It is an oddity that while the UK economy surges ahead as the fastest growing in Europe, its productivity has sagged to an inauspicious 6th in the G7: below that of unimpressive France and Italy, and only fractionally ahead of near-vegetative Japan. The Government isn’t happy about it: the Chancellor and the Business Secretary have outlined a plan – revolving around ‘moving’, ‘building’ and ‘learning’ – to do something about it.
Platitudinous plans aside, one reaction to the quandary is to doubt the stats. After all, the standard method for calculating productivity (dividing the value of goods and services produced in a given time by the number of labour-hours used to produce them) was developed for a clock-in/clock-out system of production-line employment that has been moribund since the 1970s. In an age when fruitful work is done as much on laptops in coffee shops as it is with machinery on factory floors, the traditional measure might strike some as anachronistic.
But a more interesting reaction is to try to explain the discrepancy. Even if the UK is markedly outgrowing its continental peers, what is it about our work culture that makes Britons so inefficient?
One recently aired theory is that Britain’s woeful productivity figures can be traced to its workers’ addiction to email. This was the central thrust of Professor Sir Cary Cooper’s keynote address to the latest meeting of the British Psychological Society. According to Cooper, ubiquitous smartphone ownership combined with an imported American-style cult of hyper-responsiveness has caused British employees to spend more time tending to their inboxes than working on their more substantial projects. Frenetic intra-office emailing engenders a debilitating cycle: the more emails sent, the more received; and the long-term task of managing one’s messages becomes as difficult as keeping the Augean stables consistently spotless. Practices depressingly familiar to many a British worker – reading emails as soon as they flash onto one’s screen; being CC-ed by colleagues into even the most trifling exchanges; refreshing one’s feed before bed – have, apparently, led to a chronic condition of scatter-brained inefficiency.
Cooper’s theory seems plausible; but it ought, nonetheless, to be treated with caution. First, it is hard to say with any certainty that British workers have taken to email any more zealously than their counterparts elsewhere in the G7. Broad-brush statistics about global email use are relatively easy to come by, but the online-communications space is so dense and entropic that even data-crunching colossi like Google struggle to chart specific distinctions between business and consumer usage – and, even more pertinently in this case, between business usage in different countries. With finer-grained information unavailable, asserting that British workers use email more than their German or Canadian fellows is little better than conjecture.

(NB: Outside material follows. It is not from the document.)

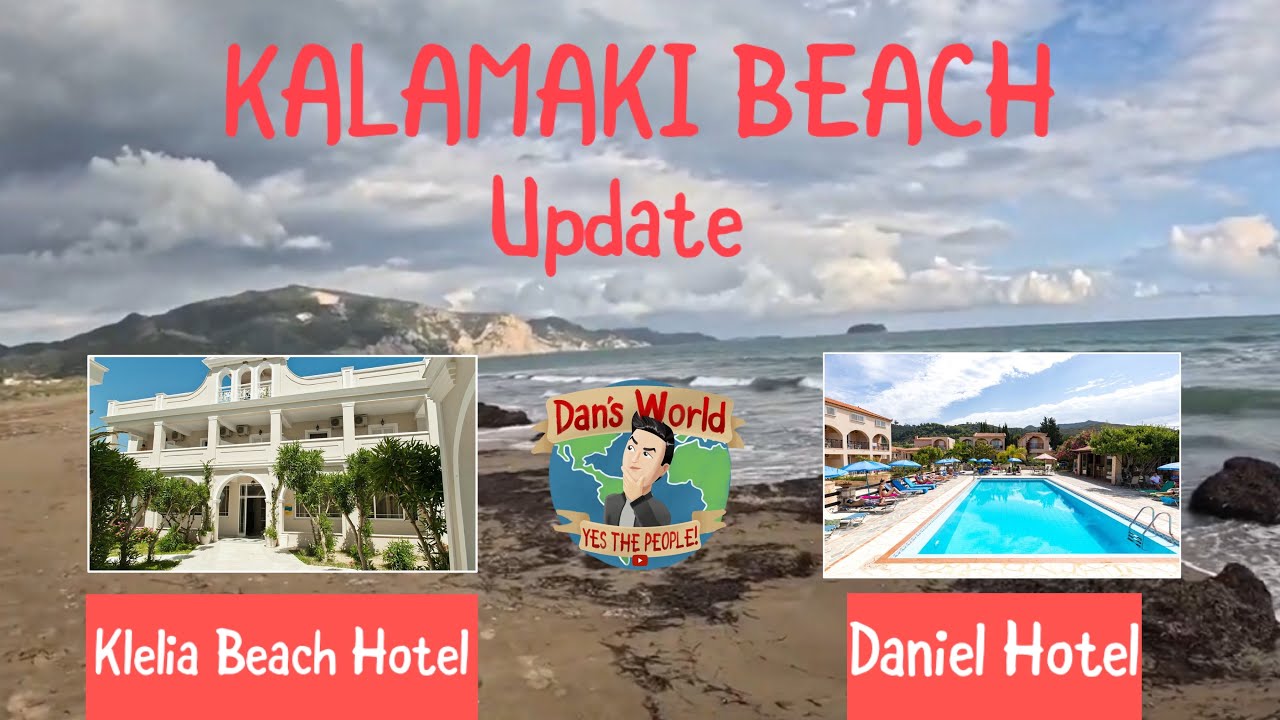 Kalamaki Beach Update 2 More Hotels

Second, email’s supposed contribution to the UK’s poor productivity is itself ambiguous. On one hand, one might think that obsessive emailing is a symptom of a broader state of over-work: everyone’s keeping an eye permanently on their inboxes is just the latest manifestation of an insidious ‘face time’ culture, according to which workers demonstrate their value (and compete for promotion) by spending as much time in the office as possible. On this view, the 24-hour availability of email access is extending the hours we spend at our proverbial desks and is blunting our efficiency by wearing us out. But on the other hand, one might think that the formidable proportion of our days spent pinging emails about evidences a quite different phenomenon: not that British workers have too much to do, but that we have too little. Technology writer Nicholas Carr argues that there is a danger of a busy email stream occluding the fact that one isn’t actually doing all that much, and many people will happily admit that checking messages often offers a convenient alternative to doing something more worthwhile. To paraphrase Bertrand Russell, we might say that there are two types of work: ‘altering the position of matter at or near the earth’s surface’, and emailing people about it.
The fact is, explaining Britain’s alarming productivity slump is a tricky business, and claiming that it is all (or largely) down to an overenthusiastic email habit is simplistic even if, strictly-speaking, unfalsifiable. One thing, though, can be said with some confidence: even if a decision by British bosses to ration employees’ time on Outlook wouldn’t haul the UK’s productivity meaningfully upwards, it would surely improve a great many people’s weekends.